The report found the force had provided outdated information or no reasoning to the government to substantiate its request for 2300 police in the 2022–23 budget. The request for 1030 of those officers was either supported by outdated information or not justified by police at all.
A Victoria Police spokesman said the organisation stood by its request for resources, but acknowledged there was a need for better reporting and transparency.
“We have agreed to develop a strategic workforce plan to guide our organisational development, and will strengthen our benefits realisation plans in all future business cases,” the spokesman said.
Police accountability lawyer Jeremy King said police, like any government department, needed to adequately illustrate why they were entitled to funding.
“At a time when people are looking at police forces, Victoria is an anomaly where the government and Victoria Police have a more, more, more approach.
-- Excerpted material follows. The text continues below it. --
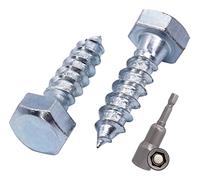 SKIR'CO Lot de 60 vis à bois hexagonales DIN 571 en acier zingué M8 x 30 mm - Vis tire-fond hexagonales - Vis tire-fond (avec embout hexagonal magnétique)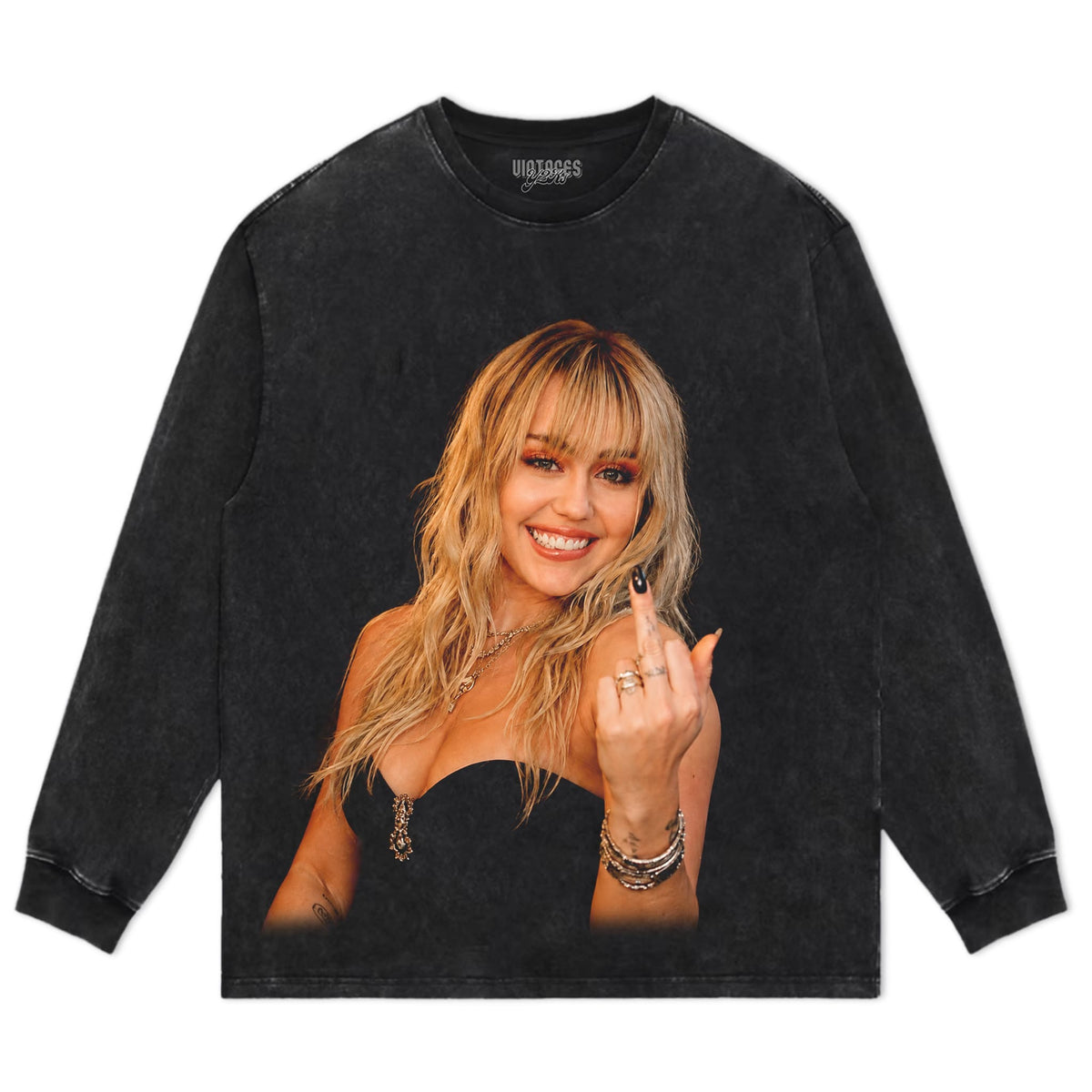 MILEY CYRUS - VINTAGE MIDDLE FINGER TANK TOP & TEE & LONG SLEEVE & LAYERED LS & HOODIE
When they can’t back up that, it’s actually effecting real change,” he said.
King said the report demonstrated why an external body, such as an ombudsman, was required to scrutinise the force and ensure police spending was effective and subject to independent oversight.
Victoria has become one of the most heavily policed states in Australia after a two-decade law-and-order rivalry between Labor and the Coalition helped build the country’s largest law-enforcement organisation.
The state’s war on crime has resulted in spending on police, courts and prisons grow at double or triple the rate of other states and territories over the past decade, and Victoria now arrests and jails people at levels not seen since the 19th century.
Underlining the political priority given to police numbers and law and order, spending growth in the criminal justice system has outstripped that of education and health since 2013.
“Victoria Police does not have a strategic workforce plan. It does not have a current and accurate understanding of its current or future staffing requirements. As a result, it cannot show if the number of police officers it has meets demand,” the Auditor-General’s report says.
“Despite this, Victoria Police has received more than 3200 new police officers since 2016.”
The report also criticised the police Staff Allocation Model, which determines where officers are allocated based on need.
In November last year, Victoria Police had 22,000 personnel and government funding worth $4 billion a year, surpassing that of NSW Police even though the northern state is three times the geographical size and has 1.4 million more people.